**EXERCISE DETAILS**
Transcribe nothing except the lines below that run from the one with "コアジ、豆アジ89匹 コサバ35匹" to the one with "Lampadaire | Novivane", ends included, and do not copy any picture.

**STUDY MATERIAL**

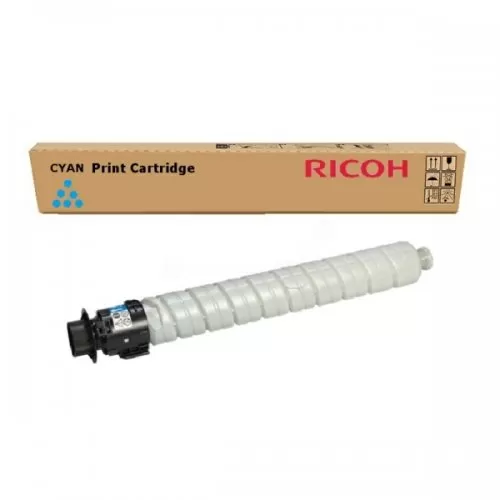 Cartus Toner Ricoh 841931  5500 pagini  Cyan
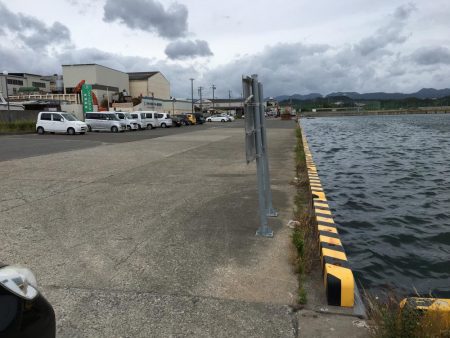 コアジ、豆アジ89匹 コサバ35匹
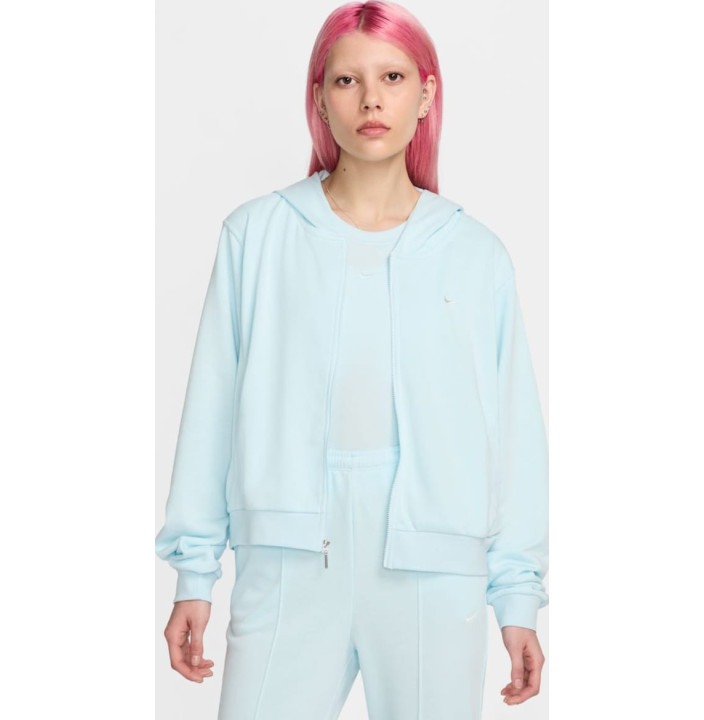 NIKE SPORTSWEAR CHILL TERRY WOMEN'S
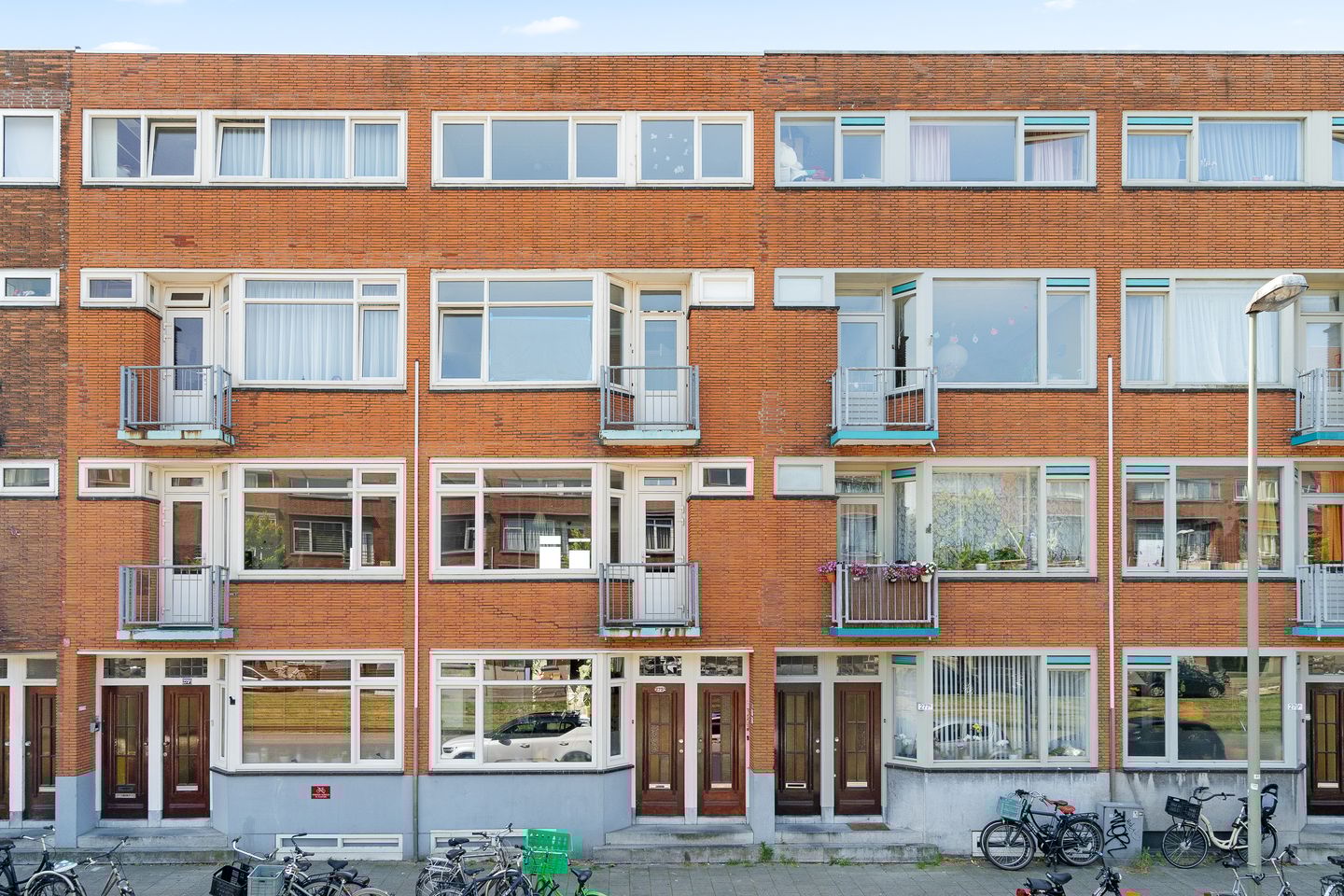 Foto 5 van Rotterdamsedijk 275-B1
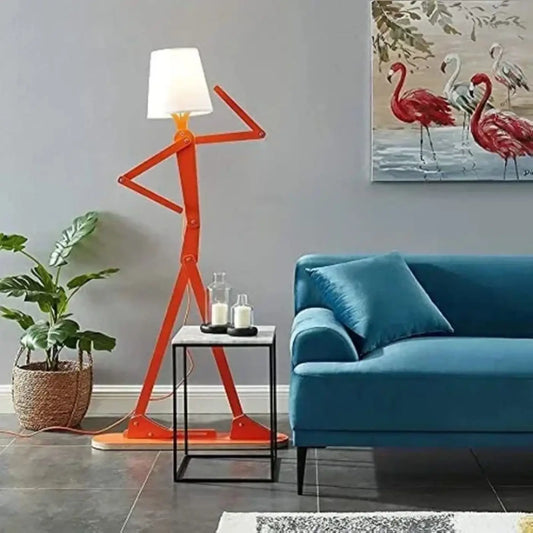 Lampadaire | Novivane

--

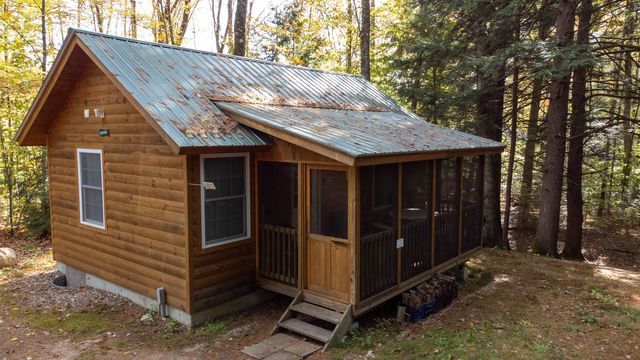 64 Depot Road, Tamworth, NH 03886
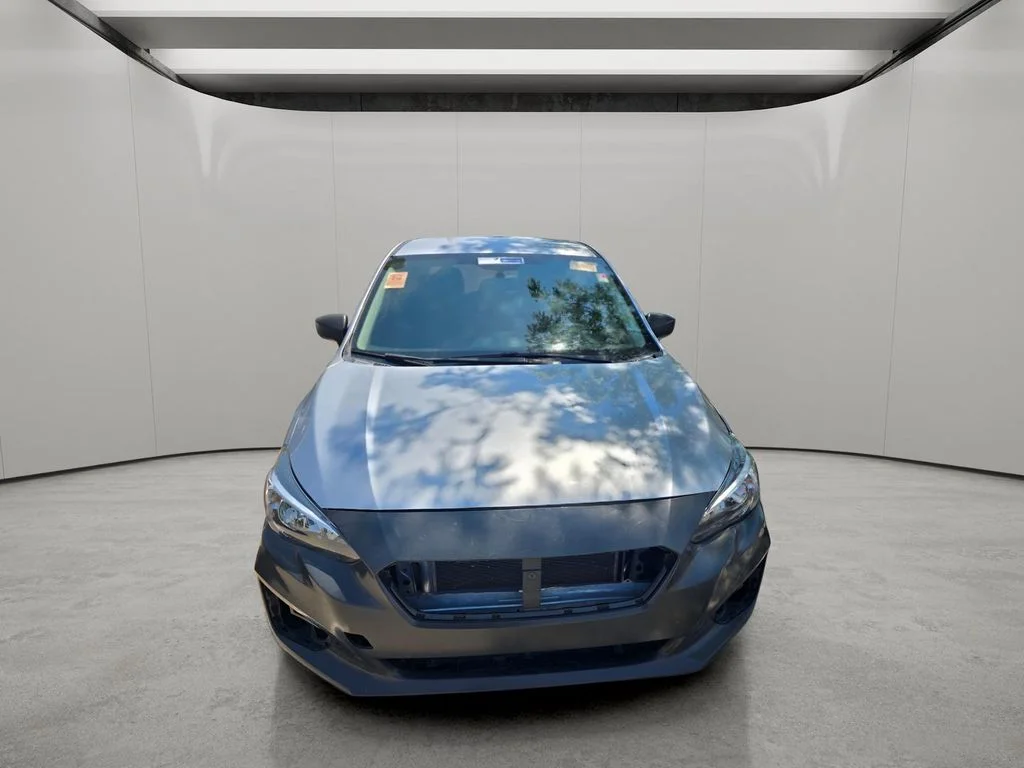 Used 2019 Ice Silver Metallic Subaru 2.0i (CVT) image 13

==

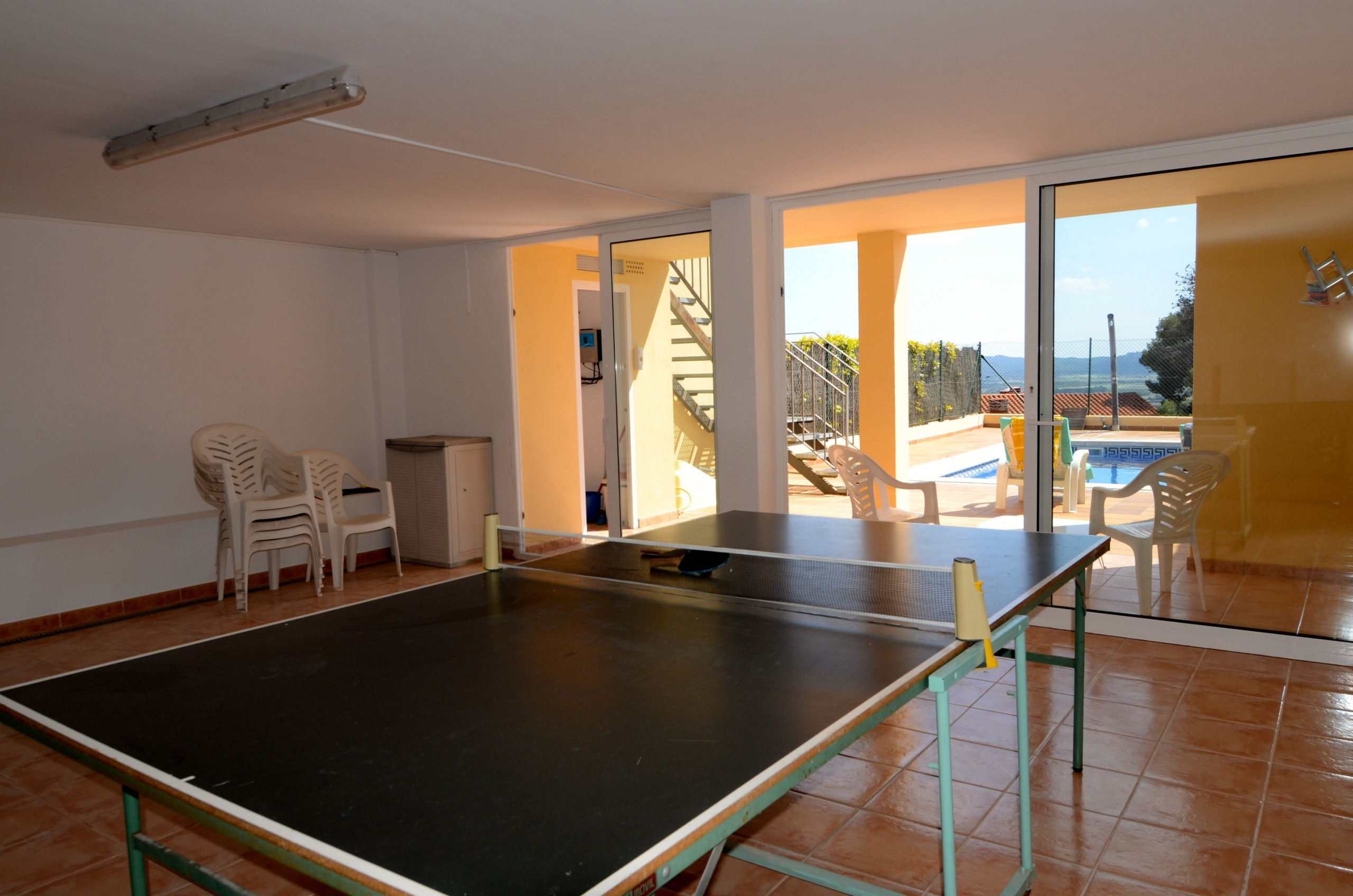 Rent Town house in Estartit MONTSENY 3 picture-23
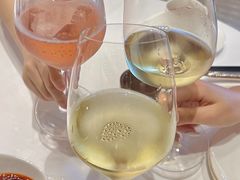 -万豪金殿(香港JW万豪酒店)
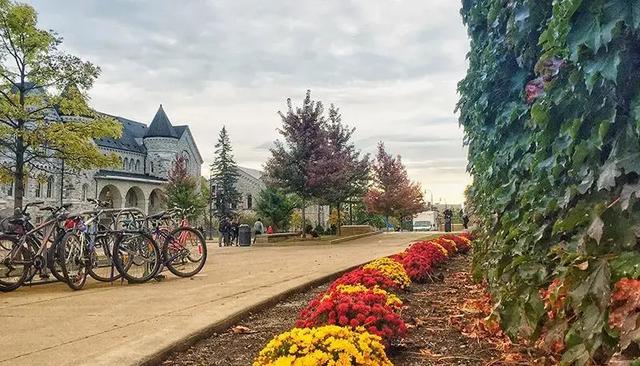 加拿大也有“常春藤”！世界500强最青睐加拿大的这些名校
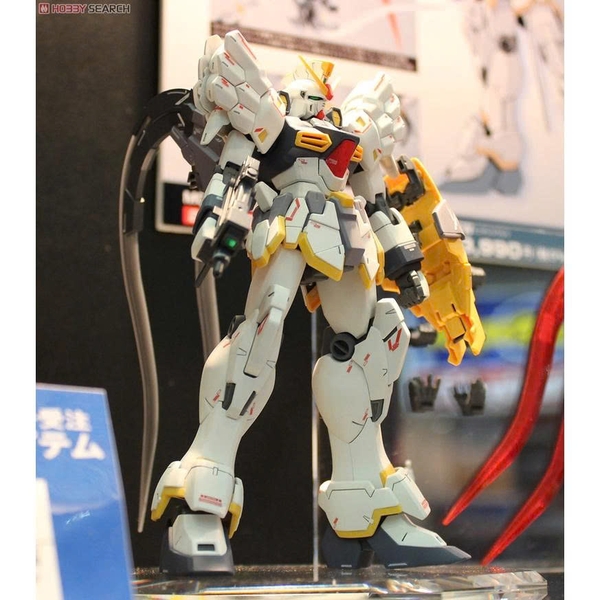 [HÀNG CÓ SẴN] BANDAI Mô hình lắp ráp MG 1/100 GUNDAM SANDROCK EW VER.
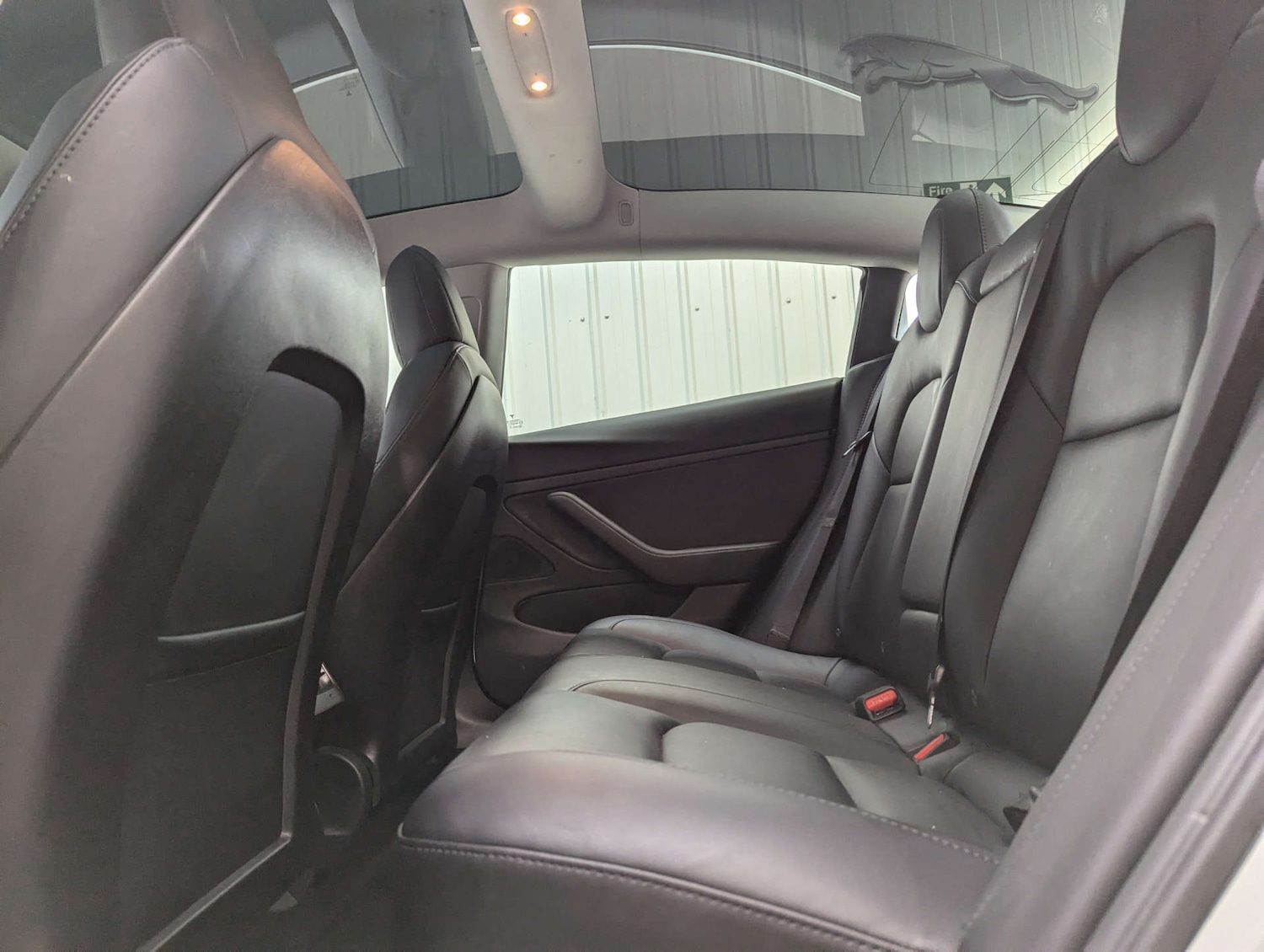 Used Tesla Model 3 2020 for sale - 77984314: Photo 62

**OUTPUT FOR THIS TASK**
 コアジ、豆アジ89匹 コサバ35匹
 NIKE SPORTSWEAR CHILL TERRY WOMEN'S
 Foto 5 van Rotterdamsedijk 275-B1
 Lampadaire | Novivane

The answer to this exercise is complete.